Collected data
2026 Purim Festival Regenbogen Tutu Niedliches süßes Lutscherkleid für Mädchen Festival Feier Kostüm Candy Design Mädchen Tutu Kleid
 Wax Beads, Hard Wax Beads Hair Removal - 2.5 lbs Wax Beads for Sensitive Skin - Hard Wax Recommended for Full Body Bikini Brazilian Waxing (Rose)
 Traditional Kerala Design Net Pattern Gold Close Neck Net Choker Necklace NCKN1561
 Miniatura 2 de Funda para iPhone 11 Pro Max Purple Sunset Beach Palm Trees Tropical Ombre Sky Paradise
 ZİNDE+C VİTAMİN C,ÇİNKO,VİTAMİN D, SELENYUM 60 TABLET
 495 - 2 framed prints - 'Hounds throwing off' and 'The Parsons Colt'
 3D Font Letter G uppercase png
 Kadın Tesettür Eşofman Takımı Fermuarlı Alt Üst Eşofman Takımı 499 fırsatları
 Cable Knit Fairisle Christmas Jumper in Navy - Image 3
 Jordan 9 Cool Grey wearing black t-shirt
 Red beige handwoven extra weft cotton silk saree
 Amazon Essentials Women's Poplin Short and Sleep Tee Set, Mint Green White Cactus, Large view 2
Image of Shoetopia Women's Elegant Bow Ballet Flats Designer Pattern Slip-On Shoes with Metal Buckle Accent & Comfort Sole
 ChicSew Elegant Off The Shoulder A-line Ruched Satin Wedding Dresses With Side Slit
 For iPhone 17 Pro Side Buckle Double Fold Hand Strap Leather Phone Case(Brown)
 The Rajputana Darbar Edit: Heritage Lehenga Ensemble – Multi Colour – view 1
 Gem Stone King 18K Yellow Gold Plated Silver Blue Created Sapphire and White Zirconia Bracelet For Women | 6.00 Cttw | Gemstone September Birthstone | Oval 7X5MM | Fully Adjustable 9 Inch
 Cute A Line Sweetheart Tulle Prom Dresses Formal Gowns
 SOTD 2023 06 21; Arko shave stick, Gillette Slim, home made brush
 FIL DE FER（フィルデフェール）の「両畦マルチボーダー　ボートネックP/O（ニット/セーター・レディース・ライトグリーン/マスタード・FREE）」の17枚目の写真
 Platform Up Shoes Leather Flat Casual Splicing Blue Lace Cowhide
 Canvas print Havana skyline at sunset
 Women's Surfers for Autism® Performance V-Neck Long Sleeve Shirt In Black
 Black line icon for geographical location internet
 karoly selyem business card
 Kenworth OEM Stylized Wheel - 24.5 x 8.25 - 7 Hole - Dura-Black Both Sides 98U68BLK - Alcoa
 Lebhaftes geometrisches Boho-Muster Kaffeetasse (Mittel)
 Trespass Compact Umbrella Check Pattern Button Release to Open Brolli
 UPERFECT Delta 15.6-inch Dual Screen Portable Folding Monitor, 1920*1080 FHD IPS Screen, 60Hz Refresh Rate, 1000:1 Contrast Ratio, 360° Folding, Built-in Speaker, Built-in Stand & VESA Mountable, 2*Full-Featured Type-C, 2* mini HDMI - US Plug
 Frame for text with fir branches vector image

**ABOUT THIS TASK**
Top to bottom, set down the entries above word for word.

**FINAL ANSWER**
2026 Purim Festival Regenbogen Tutu Niedliches süßes Lutscherkleid für Mädchen Festival Feier Kostüm Candy Design Mädchen Tutu Kleid
 Wax Beads, Hard Wax Beads Hair Removal - 2.5 lbs Wax Beads for Sensitive Skin - Hard Wax Recommended for Full Body Bikini Brazilian Waxing (Rose)
 Traditional Kerala Design Net Pattern Gold Close Neck Net Choker Necklace NCKN1561
 Miniatura 2 de Funda para iPhone 11 Pro Max Purple Sunset Beach Palm Trees Tropical Ombre Sky Paradise
 ZİNDE+C VİTAMİN C,ÇİNKO,VİTAMİN D, SELENYUM 60 TABLET
 495 - 2 framed prints - 'Hounds throwing off' and 'The Parsons Colt'
 3D Font Letter G uppercase png
 Kadın Tesettür Eşofman Takımı Fermuarlı Alt Üst Eşofman Takımı 499 fırsatları
 Cable Knit Fairisle Christmas Jumper in Navy - Image 3
 Jordan 9 Cool Grey wearing black t-shirt
 Red beige handwoven extra weft cotton silk saree
 Amazon Essentials Women's Poplin Short and Sleep Tee Set, Mint Green White Cactus, Large view 2
Image of Shoetopia Women's Elegant Bow Ballet Flats Designer Pattern Slip-On Shoes with Metal Buckle Accent & Comfort Sole
 ChicSew Elegant Off The Shoulder A-line Ruched Satin Wedding Dresses With Side Slit
 For iPhone 17 Pro Side Buckle Double Fold Hand Strap Leather Phone Case(Brown)
 The Rajputana Darbar Edit: Heritage Lehenga Ensemble – Multi Colour – view 1
 Gem Stone King 18K Yellow Gold Plated Silver Blue Created Sapphire and White Zirconia Bracelet For Women | 6.00 Cttw | Gemstone September Birthstone | Oval 7X5MM | Fully Adjustable 9 Inch
 Cute A Line Sweetheart Tulle Prom Dresses Formal Gowns
 SOTD 2023 06 21; Arko shave stick, Gillette Slim, home made brush
 FIL DE FER（フィルデフェール）の「両畦マルチボーダー　ボートネックP/O（ニット/セーター・レディース・ライトグリーン/マスタード・FREE）」の17枚目の写真
 Platform Up Shoes Leather Flat Casual Splicing Blue Lace Cowhide
 Canvas print Havana skyline at sunset
 Women's Surfers for Autism® Performance V-Neck Long Sleeve Shirt In Black
 Black line icon for geographical location internet
 karoly selyem business card
 Kenworth OEM Stylized Wheel - 24.5 x 8.25 - 7 Hole - Dura-Black Both Sides 98U68BLK - Alcoa
 Lebhaftes geometrisches Boho-Muster Kaffeetasse (Mittel)
 Trespass Compact Umbrella Check Pattern Button Release to Open Brolli
 UPERFECT Delta 15.6-inch Dual Screen Portable Folding Monitor, 1920*1080 FHD IPS Screen, 60Hz Refresh Rate, 1000:1 Contrast Ratio, 360° Folding, Built-in Speaker, Built-in Stand & VESA Mountable, 2*Full-Featured Type-C, 2* mini HDMI - US Plug
 Frame for text with fir branches vector image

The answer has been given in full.